● Your task:
Wherever the string "every" appears in a line of the listing below, report that line.

● Data extracts:
■ ■ ■
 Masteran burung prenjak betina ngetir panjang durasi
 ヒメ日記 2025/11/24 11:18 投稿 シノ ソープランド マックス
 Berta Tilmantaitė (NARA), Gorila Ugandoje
■ ■ ■
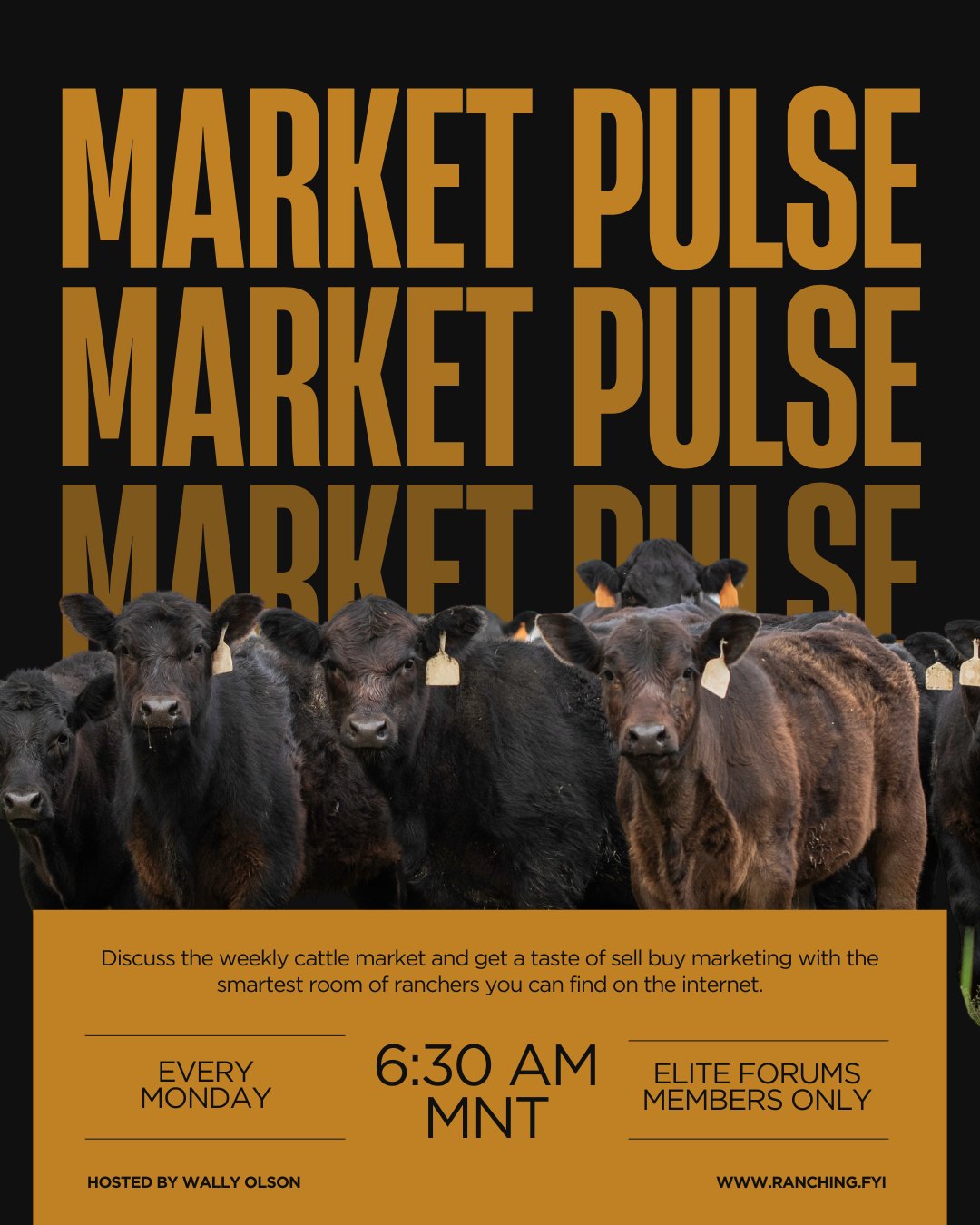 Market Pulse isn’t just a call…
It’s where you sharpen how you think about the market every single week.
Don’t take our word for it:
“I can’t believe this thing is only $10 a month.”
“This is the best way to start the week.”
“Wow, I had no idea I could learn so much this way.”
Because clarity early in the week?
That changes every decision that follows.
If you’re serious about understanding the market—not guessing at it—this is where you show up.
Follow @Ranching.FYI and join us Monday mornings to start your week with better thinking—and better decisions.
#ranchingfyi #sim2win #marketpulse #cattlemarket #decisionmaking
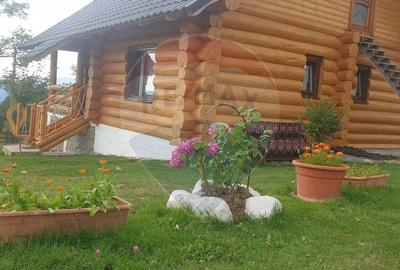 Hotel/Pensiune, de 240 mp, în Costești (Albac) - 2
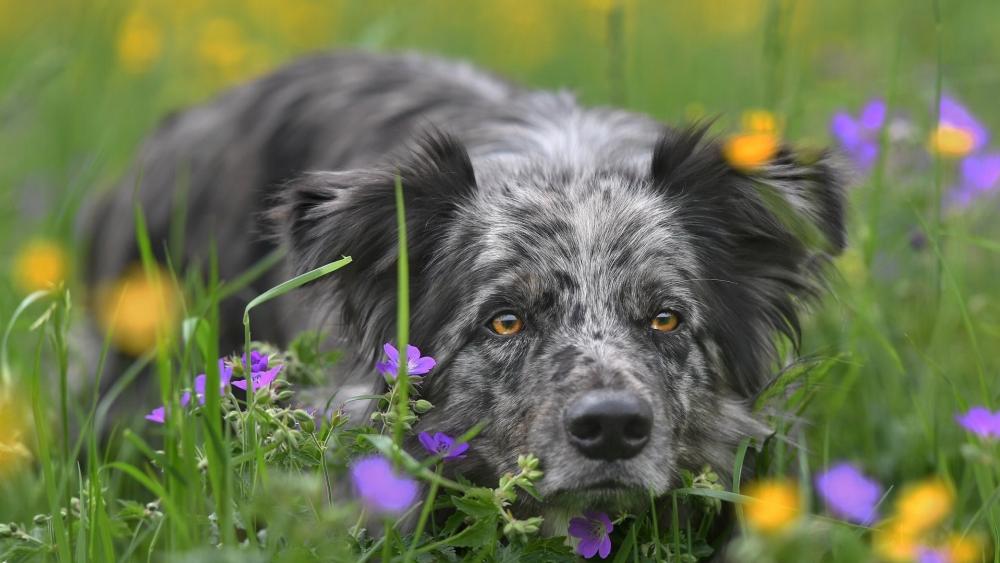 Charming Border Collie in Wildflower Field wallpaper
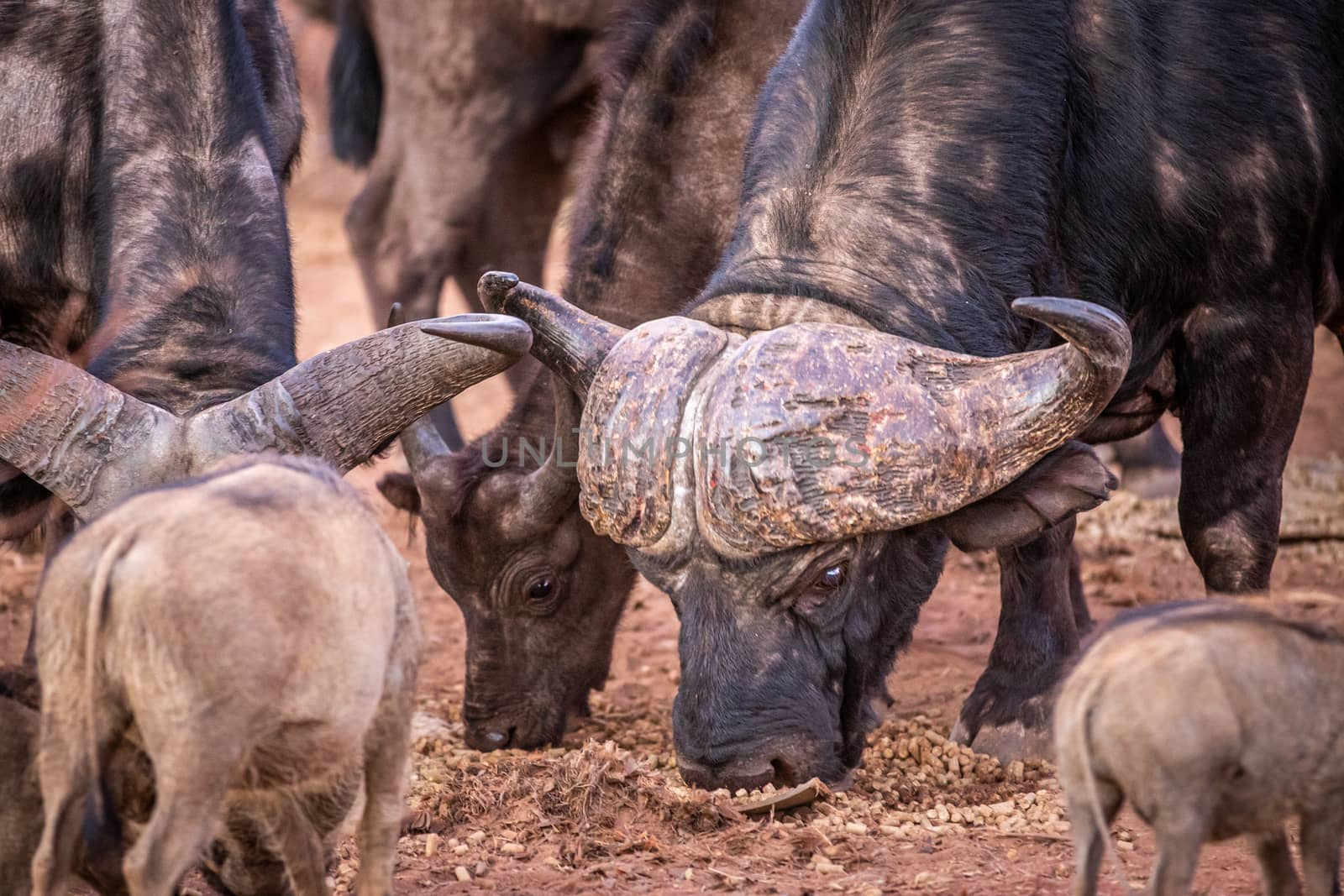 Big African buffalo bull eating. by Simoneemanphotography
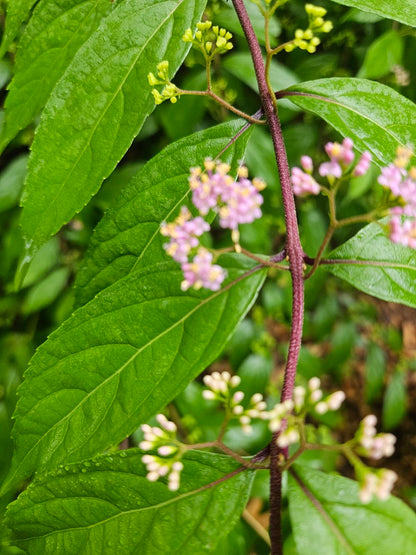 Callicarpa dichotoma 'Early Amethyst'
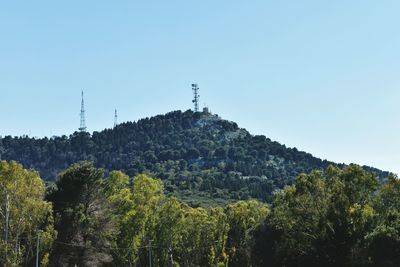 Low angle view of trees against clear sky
■ ■ ■
● Finished exercise:
It’s where you sharpen how you think about the market every single week.
That changes every decision that follows.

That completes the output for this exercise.